Dozens of people were killed in a day-long battle between Syrian rebels and government forces in western Aleppo that was still going on intermittently on Wednesday, with rebels saying they were forced to retreat by heavy aerial bombing.
In Berlin, Syrian opposition figure Riad Hijab, speaking before talks with the German and French foreign ministers and the U.N.’s Syria envoy, said a general ceasefire was needed across Syria, rather than one limited to specific areas.
The current formula is not working, said Hijab, adding that the opposition had reached a dead end with Assad in peace talks. “There needs to be an agreement according to U.N. Security Council Resolution 2268 that includes all Syrian areas where moderate opposition exists,” he said.
A rebel attack in and around the Jamiyat al-Zahraa area of western Aleppo had threatened the army’s defensive lines around government-held areas of a city at the epicenter of a recent escalation in the five-year-old civil war.
In Geneva, a senior United Nations humanitarian official said the Syrian government was refusing U.N. demands to deliver aid to hundreds of thousands of civilians trapped by the fighting, including many in Aleppo.
The Syrian Observatory for Human Rights said dozens had been killed on both sides in what it described as the most intense battle in the area in a year. Government forces were reinforced by allies from Lebanon’s Hezbollah, it said.
A rebel fighter said about 40 government fighters had been killed, while rebel losses stood at 10 dead.
Rebel sources said insurgents had at one point captured a strategic location known as Family House, but later lost it after the government side brought in reinforcements.
A rebel source said sustained air strikes on insurgents arrayed along the fringes of government-held Jamiyat al Zahraa had forced their retreat.
“The air force is the only weapon that exhausts us, especially (the use of) barrel bombing,” said Mohammad al Sulaiman, a field commander from the Free Syrian Army’s Liwa Fursan al Haq brigade.
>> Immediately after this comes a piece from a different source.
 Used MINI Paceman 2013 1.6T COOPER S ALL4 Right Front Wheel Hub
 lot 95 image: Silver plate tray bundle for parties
Rebels said jets believed to be both Russian and Syrian continued to pound their positions near Jamiyat al Zahraa. Other air and artillery strikes hit rebel emplacements around the Castello highway, the main supply route into rebel-held Aleppo.
MOSTLY CIVILIAN CASUALTIES IN ALEPPO
Most of the people killed in Aleppo in the last few weeks have been civilians. The Observatory said 279 civilians had been killed in Aleppo by bombardment since April 22 – 155 of them in opposition-held areas.
Russia turned the tide of the war in Bashar al-Assad’s favor with a campaign of heavy aerial bombing launched last September, while the United States and some allies have provided limited support to non-Islamist rebel forces.
The military escalation in Aleppo wrecked the first major ceasefire of the war, sponsored by Washington and Moscow, which had held since February.
On Wednesday, Russia blamed the United States and an upsurge in violence by militants for a failure to extend a ceasefire plan to Aleppo the previous day.
Russian Foreign Minister Sergei Lavrov said on Tuesday that the deal covering Aleppo was close and that the Russian and U.S. militaries might announce a decision “in the coming hours”. But such a local truce, also known as “a regime of calm,” never materialized.
Russian news agencies quoted Defence Ministry spokesman Igor Konashenkov as saying Russian and U.S. military officers were holding “active consultations” with the Assad government and “moderate opposition” on how to salvage the truce plan.